Search code examples
rversion

How do I tell how many people are still using older versions of R?


I'm evaluating whether it's worth retaining support for old versions of R in packages that I maintain, which adds a maintenance overhead. As such, I'd like to estimate how many people are still using R3.5.

This sort of data is easy to find for web browsers; and I know that RStudio compile download statistics for packages. But is there a comparable source of data for who is using (and thus presumably updating packages in) older versions of R?


Solution

  • It seems raw data is available from http://cran-logs.rstudio.com/ but the data is not grouped by R version. Here we can download the results for a particular day and see how many requests for packages came from different R versions.

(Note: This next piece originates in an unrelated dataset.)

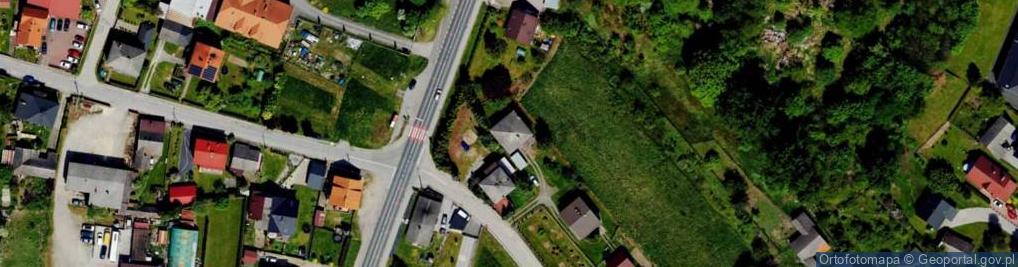 Zdjęcie satelitarne Angecomp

    options(timeout = max(300, getOption("timeout")))
    
    day <- "2023-04-03"
    year <- as.POSIXlt(day)$year + 1900
    gzfile <- paste0(day, '.csv.gz')
    fileurl <- paste0('http://cran-logs.rstudio.com/', year, '/', gzfile)
    download.file(fileurl, gzfile)
    
    dd <- readr::read_csv(gzfile)
    
    library(dplyr)
    library(ggplot2)
    dd %>% 
      filter(!is.na(r_version) & r_version != "vosonSML") %>% 
      count(r_version) %>% 
      ggplot() +
      aes(r_version, n) + 
      geom_col() +
      coord_flip()
    

    R versions accessing CRAN on 4/3/2023

    This site only tracks requests that go to the RStudio CRAN mirror (which is the default so it's probably most requests) but it does ignore other CRAN mirrors. This summary also treats each requests as independent but it's likely that the same computer was installing more than on package on a given day due to package dependencies and such.

    It's clear that most people are at least running 4.0 but there is a long tail of versions. For a more representative sample, you will probably want to sample across different dates.